Cons
How do you make corporate life more painful when upgrading everyone to Windows 11?
You lock down the Microsoft Edge browser so employees can’t install any extensions on it, making this browser completely useless for my purposes. (I prefer Edge to Chrome at work because the former uses ~20% less RAM, as shown in the screenshot below. Both browsers have a single tab open and our intranet home page is loaded on that tab.)
You lock down the Google Chrome browser so you can’t turn off the “offer to save passwords” feature, making it super irritating to use. <sigh>
Screenshot showing the Windows 11 Task Manager. Five apps are running, with Google Chrome taking up 605.7MB of memory and Microsoft Edge taking up 498.1MB of memory.
Oh well, at least they still let us install and use the Mozilla Firefox browser without any restrictions!
Sadly, while I love Firefox – and I use it as my default browser at home – I still end up using Chrome for most of what I do at work.
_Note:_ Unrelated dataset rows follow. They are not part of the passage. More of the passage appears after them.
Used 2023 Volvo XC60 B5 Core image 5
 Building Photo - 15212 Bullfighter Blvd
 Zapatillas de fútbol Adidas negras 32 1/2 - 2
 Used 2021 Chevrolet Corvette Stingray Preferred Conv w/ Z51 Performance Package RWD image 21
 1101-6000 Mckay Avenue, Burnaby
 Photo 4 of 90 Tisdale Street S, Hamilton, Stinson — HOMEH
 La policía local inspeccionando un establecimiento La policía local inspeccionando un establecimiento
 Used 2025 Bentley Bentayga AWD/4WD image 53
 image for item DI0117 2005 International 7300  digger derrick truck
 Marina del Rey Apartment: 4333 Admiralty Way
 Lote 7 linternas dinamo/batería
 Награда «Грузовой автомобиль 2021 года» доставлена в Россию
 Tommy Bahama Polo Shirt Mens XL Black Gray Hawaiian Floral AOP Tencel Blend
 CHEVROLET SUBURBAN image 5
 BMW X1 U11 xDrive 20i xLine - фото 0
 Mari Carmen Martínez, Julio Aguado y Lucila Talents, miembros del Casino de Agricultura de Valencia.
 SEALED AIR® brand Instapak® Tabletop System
Many of our corporate systems work best in Chrome so I have to grin and bear it as I click, “no, I never want to save this password for this site” over and over again.
¯\_(ツ)_/¯
Pros
Conversely, here’s how corporate life is is less painful now that we’re upgrading to Windows 11:
Screenshot from the Windows 11 font manager showing Cascadia Code and Cascadia Mono fonts installed on the computer.
You win some, you lose some, I guess.
To be fair, as someone who cares very much about cybersecurity, I will always choose security over convenience.
Whether locking-down Edge that tightly will genuinely make our work computers more secure, I don’t know. That said, Edge is a Microsoft product so I guess it’s better to be safe than sorry :)
Still, being unable to install uBlock or any other ad blocker in our default web browser seems like a major oversight, especially since uBlock Origin used to come pre-installed in our browsers on Windows 10.